I'm split two different ways with this question. I agree with Shannon with saying a Skype or a Goggle Chat should be done soon. But the other part of me thinks that since she has invited you to her band concert type thing - that she is at least trying. But Since I do work for a local police department going through training, I do have to say that it is not safe, and a online cam session would be best. If after that you think it is ok, then maybe arrange meeting somewhere in PUBLIC or maybe go to another band function. First few times of meeting her (which is bound to happen), I would say stay in public as much as you can just in case.

Quote:
Is this sort of relationship healthy?Is it socially acceptable?
I know alot of people with similar situations that have met online. I personally believe that it isn't as healthy as a person you lived down the street from, but keep in mind that you only leave 30 minutes away - so I would say that if both of you keep a great effort that it could be healthy.
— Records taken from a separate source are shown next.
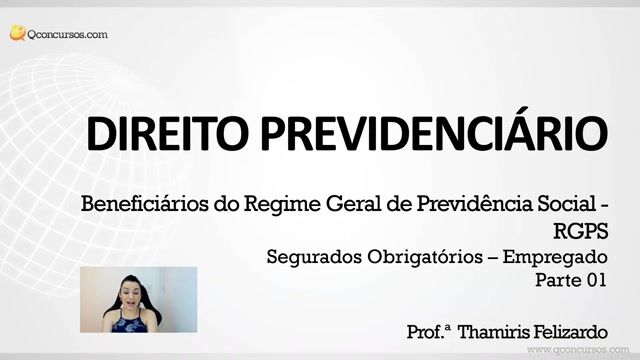 Segurados Obrigatórios - Empregado - Parte 01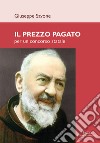 Il prezzo pagato per un concorso statale libro di Savone Giuseppe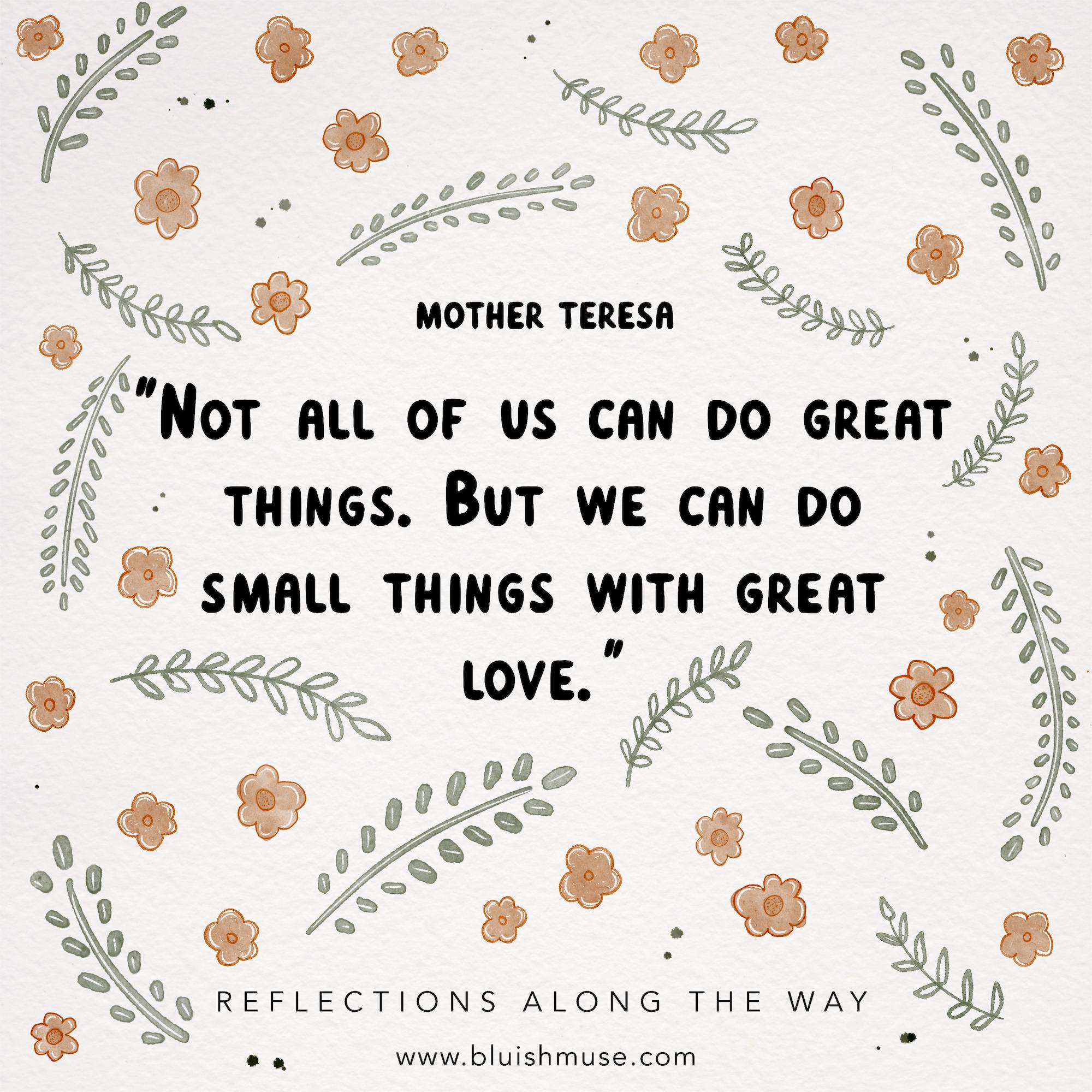 Not all of us can do great things…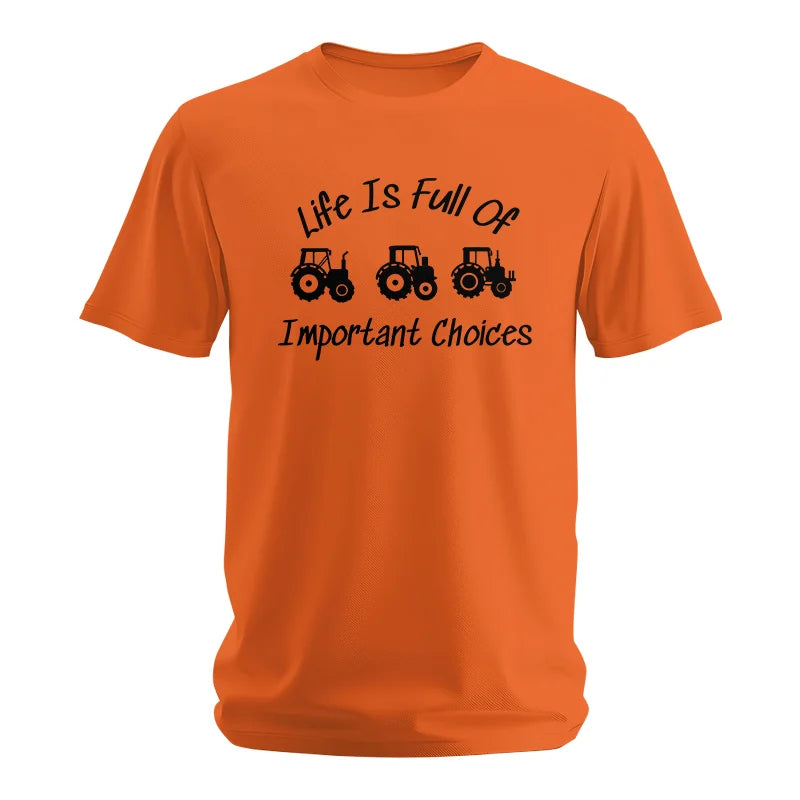 Life Is Full Of Important Choices 15 - Unisex Softstyle T-Shirt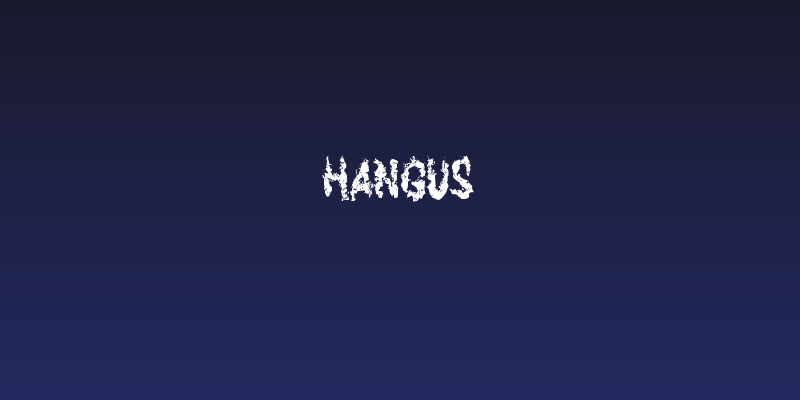HANGUS Social Header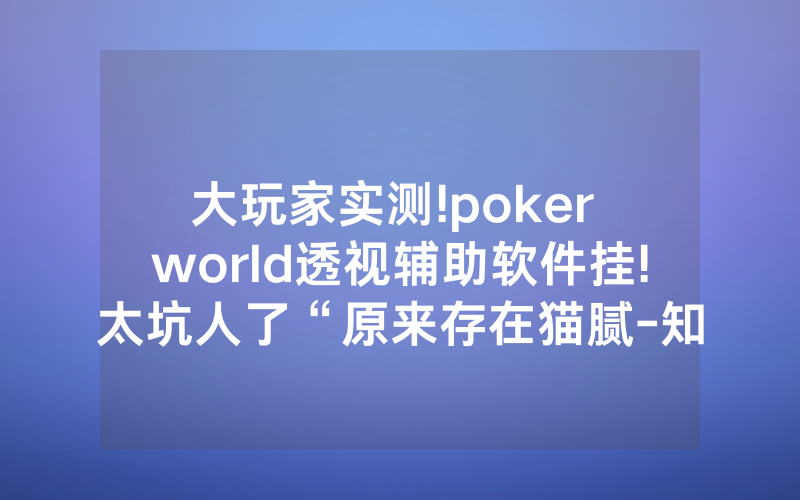 大玩家实测!poker world透视辅助软件挂!太坑人了“原来存在猫腻-知乎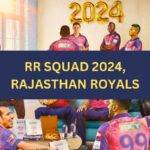 RR Squad 2024, Rajasthan Royals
I also think that it is socially acceptable due to ALOT of relationships and friendships starting online - internet is a huge part of relationships now.

Quote:
I want to meet her and she the same with me. If we have the chance it would be at the mall,bringing one of our friends with us. Is this a smart choice of action?
Yes, the more people you have around the first few times, the better it will go safety wise. I would being a few friends, and have it in a Public area.

Best wishes,
Chris


"You are never too old to set another goal or to dream a new dream.”